• **WHAT YOU WILL DO**
After locating the line that contains "Conjunto Quarto de" in the following entries, reproduce it and each later line exactly, including the last.

-- DATA EXTRACTS follows --

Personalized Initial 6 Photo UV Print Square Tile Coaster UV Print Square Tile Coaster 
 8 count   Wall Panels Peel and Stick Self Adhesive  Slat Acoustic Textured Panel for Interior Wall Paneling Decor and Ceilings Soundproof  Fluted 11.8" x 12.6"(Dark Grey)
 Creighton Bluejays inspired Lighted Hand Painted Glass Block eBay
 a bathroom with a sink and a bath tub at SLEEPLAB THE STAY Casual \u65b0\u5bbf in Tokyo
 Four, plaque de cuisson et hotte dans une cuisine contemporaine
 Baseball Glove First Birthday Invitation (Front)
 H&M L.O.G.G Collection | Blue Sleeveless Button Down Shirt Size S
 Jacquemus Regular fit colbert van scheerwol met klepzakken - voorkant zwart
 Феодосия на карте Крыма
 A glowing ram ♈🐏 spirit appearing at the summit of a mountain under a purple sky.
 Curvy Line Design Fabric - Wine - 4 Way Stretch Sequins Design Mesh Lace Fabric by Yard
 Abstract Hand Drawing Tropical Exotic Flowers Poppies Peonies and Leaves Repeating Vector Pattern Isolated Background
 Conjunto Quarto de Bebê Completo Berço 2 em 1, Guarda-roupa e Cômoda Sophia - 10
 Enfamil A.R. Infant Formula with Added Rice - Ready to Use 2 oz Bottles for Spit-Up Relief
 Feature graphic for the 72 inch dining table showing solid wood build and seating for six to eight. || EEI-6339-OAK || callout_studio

-- DATA EXTRACTS concluded --

• **SOLUTION**
 Conjunto Quarto de Bebê Completo Berço 2 em 1, Guarda-roupa e Cômoda Sophia - 10
 Enfamil A.R. Infant Formula with Added Rice - Ready to Use 2 oz Bottles for Spit-Up Relief
 Feature graphic for the 72 inch dining table showing solid wood build and seating for six to eight. || EEI-6339-OAK || callout_studio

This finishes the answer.